Pursuing her interest in nutrition & public health, Goodman
was taking a biochem course at Hunter College when she
decided to sit in on a radio-documentary class taught by a
WBAI producer. “I asked if he'd take me to the station,”
she says, “& in a sense I never really left.” He invited her
to be an apprentice on a new show called Investigations.
“I'd just carry around a tape recorder” at news conferences
& speeches & lectures, she remembers, “& sometimes we’d
play it on the radio.” She soon joined WBAI’s staff, working
on the evening news & later co-hosting the station’s morning
show Wakeup Call.
At WBAI, which was part of the progressive radio network
Pacifica, Goodman reported from around the world. In 1995,
she covered Haiti’s national elections: “People who were
running for office could be gunned down,” she says. “People
who went to the polls could be gunned down. It was in the
middle of a coup, sadly, that was backed by the US.” She was
in a safe house in Haiti when she got the call from Pacifica
asking if she wanted to host Democracy Now!, a new show that
would cover the 1996 election (between Bill Clinton, Bob
Dole, & Ross Perot). “I thought, wow, most people don’t vote
in the US,” Goodman says. “I didn’t think it was apathy.

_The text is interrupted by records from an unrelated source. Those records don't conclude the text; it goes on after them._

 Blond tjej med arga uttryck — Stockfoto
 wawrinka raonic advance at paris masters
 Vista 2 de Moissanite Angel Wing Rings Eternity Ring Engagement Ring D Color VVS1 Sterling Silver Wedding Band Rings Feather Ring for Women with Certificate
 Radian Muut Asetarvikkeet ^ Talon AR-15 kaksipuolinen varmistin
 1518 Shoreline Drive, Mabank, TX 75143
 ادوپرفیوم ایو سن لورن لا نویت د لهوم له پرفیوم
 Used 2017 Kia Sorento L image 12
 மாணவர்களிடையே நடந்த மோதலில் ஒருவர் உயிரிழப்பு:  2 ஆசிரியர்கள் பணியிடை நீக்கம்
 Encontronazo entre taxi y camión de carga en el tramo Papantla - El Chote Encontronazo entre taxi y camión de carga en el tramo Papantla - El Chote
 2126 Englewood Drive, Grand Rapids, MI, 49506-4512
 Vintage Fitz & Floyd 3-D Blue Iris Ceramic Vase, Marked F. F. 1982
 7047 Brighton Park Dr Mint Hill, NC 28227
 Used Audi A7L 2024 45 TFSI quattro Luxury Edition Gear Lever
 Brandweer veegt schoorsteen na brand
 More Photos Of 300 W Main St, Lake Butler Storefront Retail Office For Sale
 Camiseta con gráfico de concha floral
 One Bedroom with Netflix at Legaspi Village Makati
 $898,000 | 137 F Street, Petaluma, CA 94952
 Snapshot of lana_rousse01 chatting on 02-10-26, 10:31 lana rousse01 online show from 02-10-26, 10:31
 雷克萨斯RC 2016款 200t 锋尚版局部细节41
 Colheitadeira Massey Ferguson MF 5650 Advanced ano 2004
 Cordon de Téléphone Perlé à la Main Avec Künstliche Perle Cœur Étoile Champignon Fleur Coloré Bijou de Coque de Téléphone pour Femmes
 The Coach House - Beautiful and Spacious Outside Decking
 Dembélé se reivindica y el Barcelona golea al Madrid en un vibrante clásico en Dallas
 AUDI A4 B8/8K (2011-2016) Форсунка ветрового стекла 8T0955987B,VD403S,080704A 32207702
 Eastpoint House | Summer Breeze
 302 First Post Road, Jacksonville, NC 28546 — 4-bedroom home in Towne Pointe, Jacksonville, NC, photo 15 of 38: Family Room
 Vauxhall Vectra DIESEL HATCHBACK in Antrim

I was interested in why they weren’t voting.” If Americans
understood the impact of U.S. policy around the world, she
says, “I didn’t think they'd let this happen.”
Democracy Now! debuted in Feb 1996 on 9 stations across
the country and was only meant to air for 9 months. But
“people were more interested in the show even after the
election than before,” Goodman says. “On TV, so often you
get the pundits who know so little about so much, explaining
the world to us & getting it so wrong.”
From the day she became host, her interviewing style has
been unshrinking. On Election Day 2000, when Clinton
unexpectedly called WBAI to share a get-out-the-vote message,
Goodman & colleague Gonzalo Aburto kept him on for half an
hour, with questions like “What do you say to people who
feel that the two parties are bought by corporations & at
this point feel that their vote doesn’t make a difference?”
Clinton called her “hostile & combative.” Goodman reflected
on that experience earlier this year, on Democracy Now’s
25th anniversary special. “The White House would later
call me & say they were thinking of banning me,” she said
with an amused air. “And I said, ‘But he called me.
I didn’t call him.’”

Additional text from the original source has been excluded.